My first story happened in the seminary room at the meetinghouse in Baker.  I was visiting seminary that morning, over 30 years ago.  I arrived early.  A young man also arrived early, and seated himself at the first desk of a row.  He slouched in his chair, thus effectively blocking access to the rest of the chairs of that row.

A young woman entered the room a minute later.  Wanting to sit in that same row, she came to a stop beside the young man and said, “Can I get by?”

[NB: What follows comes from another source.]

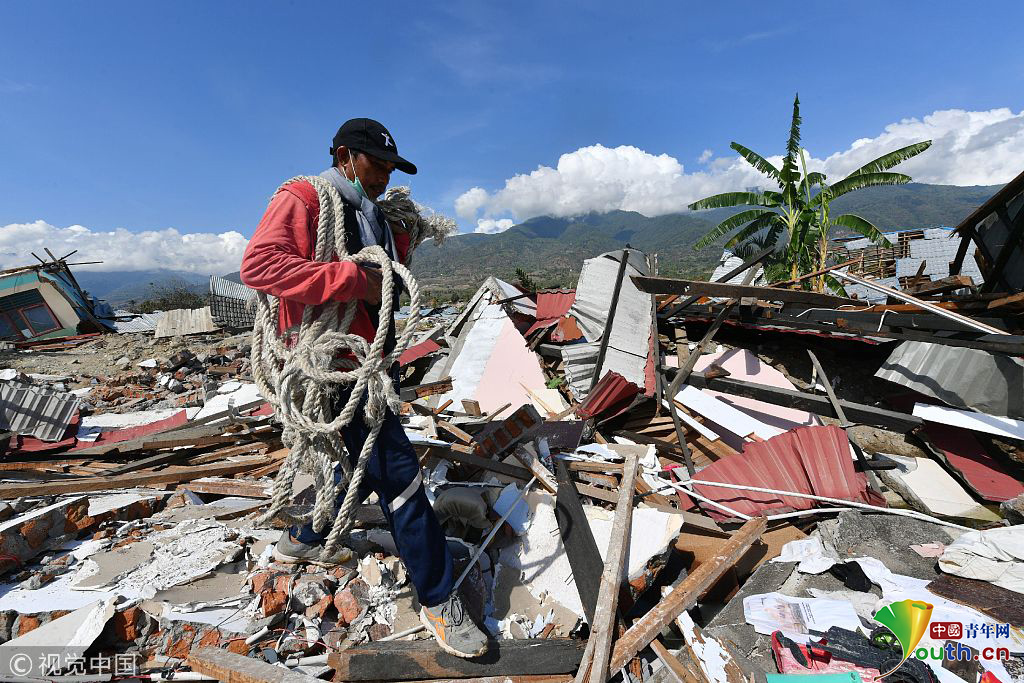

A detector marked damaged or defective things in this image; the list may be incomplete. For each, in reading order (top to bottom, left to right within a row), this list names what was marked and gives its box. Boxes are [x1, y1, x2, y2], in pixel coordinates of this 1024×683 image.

Without moving, the young man growled, “Crawl over, or go around!”

I was amazed.

I was equally amazed a short time later as I contrasted that scene with a story I was told as I stood in line at the Tabernacle on Temple Square in Salt Lake City waiting to be admitted to a session of general conference.  I was visiting with another man waiting in the line.  He identified himself as a stake president in St. Anthony, Idaho.

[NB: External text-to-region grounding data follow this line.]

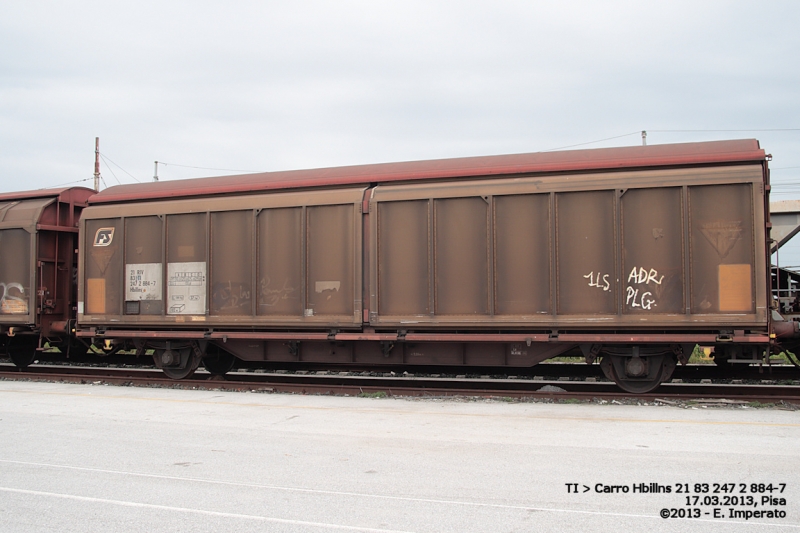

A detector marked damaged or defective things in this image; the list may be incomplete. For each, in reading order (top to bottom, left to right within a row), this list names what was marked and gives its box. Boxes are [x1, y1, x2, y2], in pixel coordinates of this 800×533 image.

rusty roof edge [86, 140, 764, 205]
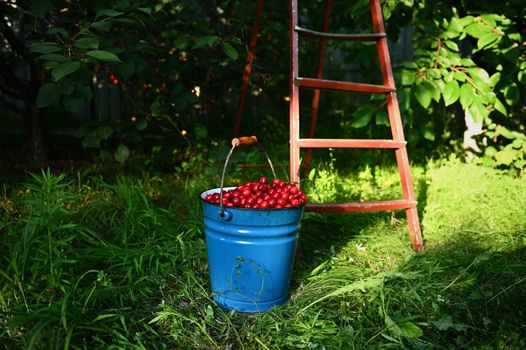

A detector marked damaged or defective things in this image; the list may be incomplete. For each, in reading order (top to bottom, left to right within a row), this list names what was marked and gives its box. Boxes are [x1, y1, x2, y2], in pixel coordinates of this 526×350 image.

rusty ladder rung [294, 25, 386, 41]
rusty ladder rung [296, 76, 396, 93]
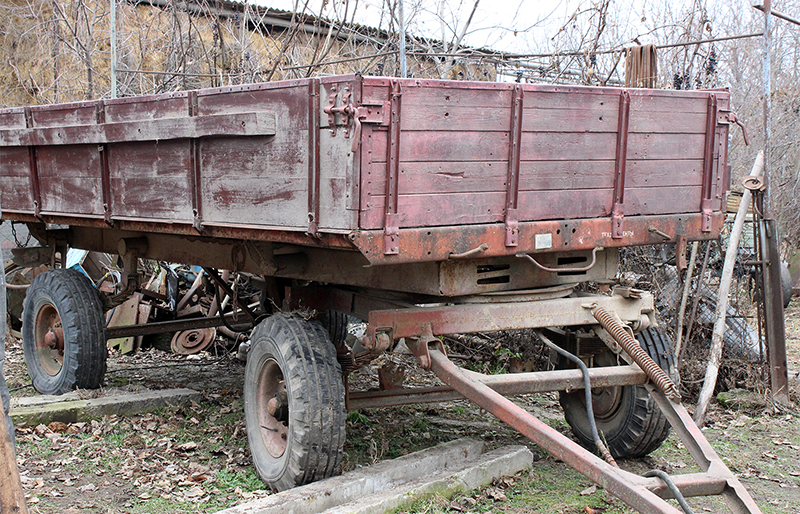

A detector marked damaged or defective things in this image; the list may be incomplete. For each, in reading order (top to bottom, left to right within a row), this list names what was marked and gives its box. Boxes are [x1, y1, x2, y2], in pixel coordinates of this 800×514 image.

rusty metal frame [410, 336, 764, 512]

He said that his son had been a student at Brigham Young University.  One Sunday the son was seated in a Sunday School class waiting for it to begin.  Every seat was taken when a girl entered the room.  Being the gentleman that he was, he rose, offered her his seat, and stood at the back of the room through the 45-minute class.

The girl was none other than Sharlene Wells, the then-reigning Miss America.

Sharlene asked her friends who that young man was, and let it be known that she would welcome a date with him.  When told, he thought to himself, “Well, what the heck?  I’ll never have an opportunity to date Miss America again,” so he asked her for a date.

One thing led to another, and the two of them got married—all because of an act of kindness that came naturally to a young man who practiced kindness.

The rest of the story is that Sharlene Wells had spent three years living in Argentina where her father was serving as mission president.  She saw hundreds of young men—missionaries—come and go through the mission home.  She noticed that the best ones, and the hardest workers, were farm boys from Idaho.  She determined then and there that she was going to marry a returned-missionary farm boy from Idaho.

When the young man from the Sunday School class asked her for a date, his prospects were helped immensely by the fact that he was a returned-missionary farm boy from Idaho.  She got what she wanted, and he married Miss America, because of an automatic act of kindness.

And so the lessons:  Pay attention.  Be kind.  Go the extra mile.  Don’t miss out on opportunities by being blind to those around you.

(Postscript:  One of the best articles I’ve ever read was written by Napoleon Hill, entitled “The Habits of Going the Extra Mile.”  The story about Andrew Carnegie’s mother comes from a pamphlet containing that article which my father received in the mail way back when I was a teenager.  I would recommend typing that into your Google search, and reading it for Family Home Evening).